Your output should be an exact copy of the records, with no pictures in it.

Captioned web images
*** Begin section ***

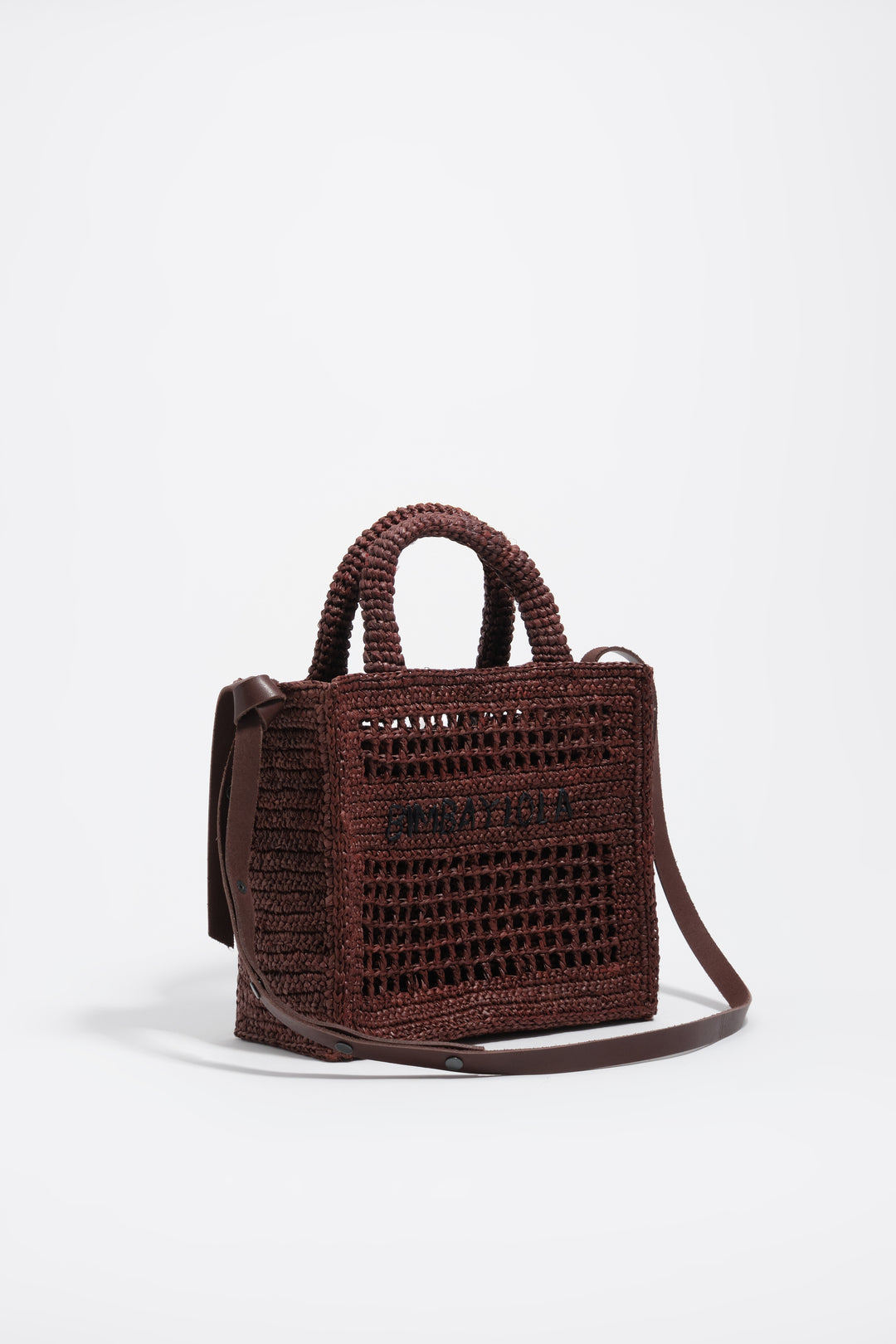 Medium walnut raffia plaited bag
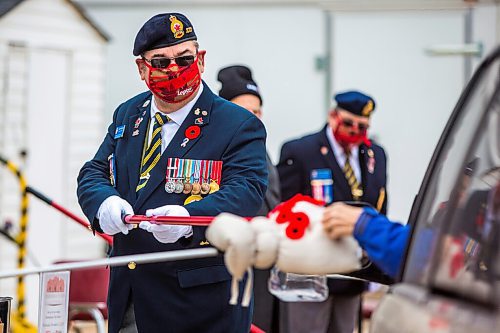 MIKAELA MACKENZIE / WINNIPEG FREE PRESS

Glen Napady offers poppies and donation containers on socially-distanced poles at a poppy drive-through at the Charleswood Legion in Winnipeg on Monday, Nov. 9, 2020. Standup.

Winnipeg Free Press 2020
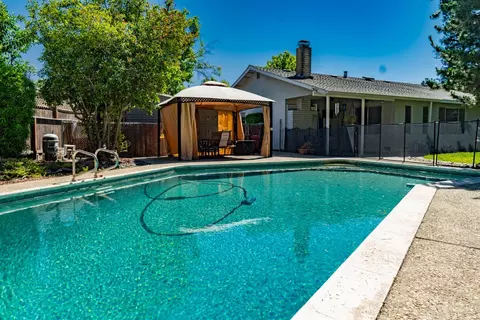 Exterior - 3724 Glenview Ct, Modesto, CA 95355 photo 8 of 10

*** End section ***

● Response to this task
 Medium walnut raffia plaited bag
 MIKAELA MACKENZIE / WINNIPEG FREE PRESS

Glen Napady offers poppies and donation containers on socially-distanced poles at a poppy drive-through at the Charleswood Legion in Winnipeg on Monday, Nov. 9, 2020. Standup.

Winnipeg Free Press 2020
 Exterior - 3724 Glenview Ct, Modesto, CA 95355 photo 8 of 10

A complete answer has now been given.